No, I am a different kind of sports fan: the meditative viewer.
There are times of the year - generally evenly spaced - where I welcome the arrival of an annual sports event, not because I'm particularly interested in the result (though I will occasionally become hooked), but because the telecasts serve a certain purpose: relaxation.
I'm sure there are many of you for whom this seems like a "well duh" proposition, but I don't mean relaxation of the "crack open a tube and chill out with the cricket" variety; I mean the Zen-like mantra of reserved commentary and the distant sounds of sport.
Take the Australian Open. When it's 40° outside and you can't be bothered thinking, on goes the Open coverage, and that soothing combination of thwacks and the occasional "oooh"/"aahhh" from the crowd; it's cooling
and calming:
I do have a passing interest in the tennis, but cricket is another story (unless we're talking about the golden era of Lillee and other championship moustaches of the '70s and '80s, in which case I can watch it forever). I have no idea what's going on, nor do I care - but there's something so relaxing about the sound of a one-dayer on in the background as you drift in and out of sleep on the couch.
There are other sporting events that, due to their non-prime-time nature, I discover during the odd witching hours of the morning thanks to a bout of TV-watching narcolepsy.
Nothing can compare to the sheer lunacy that is championship level Curling, a sport I saw once or twice as a background gag in either
The Goodies or
Help! but never really experienced until waking up on the couch after drifting off during the Winter Olympics one year.
You know, ice curling - where they "throw" a big stone... thing down some ice, and then team-members sweep wildly around it while everyone barks at each other.
This:
Brilliant! Completely mental!
But if there's one sporting event I do genuinely hang out for each year - for both its meditative qualities
and entertainment value - it's the Tour de France.

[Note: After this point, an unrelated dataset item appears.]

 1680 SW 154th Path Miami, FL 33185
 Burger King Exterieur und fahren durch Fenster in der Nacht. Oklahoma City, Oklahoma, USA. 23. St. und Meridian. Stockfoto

For just under a month I become glued to
SBS, inexplicably amused by the names of various cyclists (Tom Boonen! Thor Hushovd!) and fascinated by the amount of cyclist-specific advertising they manage to sign up (Bike banks! Bike personal ads! Bike insurance! More bikes!).
The major appeal is the commentary from Phil Liggett, long-time "voice" of the Tour (at least for anyone who watches it on SBS), whose commentary swings between that of a measured expert and a psychotically excited fan, depending on the action. Plus there's always a good chance of a quality "
Liggettism" along the way (a recent favourite: "He's wearing so much green, if he were in a garden someone would put a watering can above his head.").
Here's a highlights package from the '90s, put together celebrating 20 years of consecutive service to Le Tour:
A possible explanation for my dedication to Le Tour is because Liggett's voice reminds me of another notable British sports commentator, the great Murray Walker, whose work I spent a childhood soaking up during my brief love affair with Formula One racing (now? Too boring; too much money has leveled the field):
It likely also has a lot to do with the fact that the Tour passes through such disgustingly picturesque French landscapes that watching it is like taking a mini-holiday. Couple that and Liggett's commentary with the wonderful symphony of Tour-specific background soundscapes (cheering, bikes whizzing past, fans honking horns and ringing cow bells) and you have an irresistible package.
In other words, you can pretty much guarantee that, come Tour time of the year, I'll be getting stuck into my personal brand of sports television meditation: on a couch somewhere, possibly drooling a bit, wondering what the bloody hell is going on but enjoying it just the same.
Which is what happens to me at yoga class, anyway.